A necessidade de proteger fontes de inteligência — inclusive informantes e comunicações interceptadas — pode explicar todo o segredo em torno das provas, diz a fonte. Por outro lado, isso pode dificultar um futuro processo judicial contra qualquer agente saudita envolvido no caso.

Outra fonte revelou ao "Times" que a inteligência turca obtivera um vídeo do assassinato, feito pelos próprios sauditas para provar o fato.

"Sim, há um vídeo do momento do assassinato", afirmou Kemal Ozturk, colunista próximo ao governo Erdogan e ex-chefe de uma agência semioficial, numa entrevista à TV, mencionando autoridades não identificadas.

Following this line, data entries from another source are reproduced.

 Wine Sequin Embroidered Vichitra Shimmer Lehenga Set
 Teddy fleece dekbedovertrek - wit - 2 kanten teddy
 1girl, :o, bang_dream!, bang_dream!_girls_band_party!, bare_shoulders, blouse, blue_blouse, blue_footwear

Enquanto isso, a Arábia Saudita continuou a negar qualquer conhecimento sobre o paradeiro de Khashoggi, e até expressou preocupação com o caso. No sábado, ambos os governos disseram que a Arábia Saudita havia permitido à Turquia vasculhar seu consulado em Istambul, numa clara violação das regras diplomáticas.

Pressão

Outra autoridade, falando sob condição de anonimato, disse que Ancara esperava a reação dos Estados Unidos ao desaparecimento do jornalista, já que ele morava legalmente nos EUA e era colunista do "Washington Post". A reação poderia liderar um clamor internacional, afirmou a fonte.

Ela veio na segunda-feira,8, quando o presidente americano Donald Trump disse "temer" pelo jornalista numa entrevista coletiva. Washington pode ter demorado a se pronunciar porque a Arábia Saudita é um aliado próximo. Trump já falou muito bem do príncipe Bin Salman.

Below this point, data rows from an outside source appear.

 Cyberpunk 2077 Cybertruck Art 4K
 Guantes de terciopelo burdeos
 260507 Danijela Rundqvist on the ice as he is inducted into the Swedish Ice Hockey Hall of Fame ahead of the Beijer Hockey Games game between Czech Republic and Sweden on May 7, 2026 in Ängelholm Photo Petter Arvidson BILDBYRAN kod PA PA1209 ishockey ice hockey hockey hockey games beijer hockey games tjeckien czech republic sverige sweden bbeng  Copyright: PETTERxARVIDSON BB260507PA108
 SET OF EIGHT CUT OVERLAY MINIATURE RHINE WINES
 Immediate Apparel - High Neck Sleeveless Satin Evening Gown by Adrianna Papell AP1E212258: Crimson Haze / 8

Mas, com Khashoggi sumido há dias, a pressão vinha aumentando. O secretário de Estado Mike Pompeo exigiu uma "investigação completa" do caso e "transparência" nos resultados.

Num artigo publicado no "Washington Post" na terça-feira, a noiva de Khashoggi, Hatice Cengiz, pediu a Trump que ajudasse a jogar luz sobre o desaparecimento do noivo. Ela disse estar "confiante" de que ele ainda estava vivo, mas que a esperança diminuía com o passar de cada dia.

O Escritório de Direitos Humanos das Nações Unidas também pediu a Arábia Saudita e Turquia para fazer uma investigação e tornar públicos os resultados.

"O desaparecimento, aparentemente forçado, de Khashoggi é muito sério", disse Ravina Shamdasani, porta-voz do órgão da ONU em Genebra.

O chanceler britânico Jeremy Hunt também pediu esclarecimentos sobre o caso à Arábia Saudita. Num telefonema a seu colega saudita Adel al-Jubeir, ele afirmou que "amizades (entre países) dependem de valores compartilhados".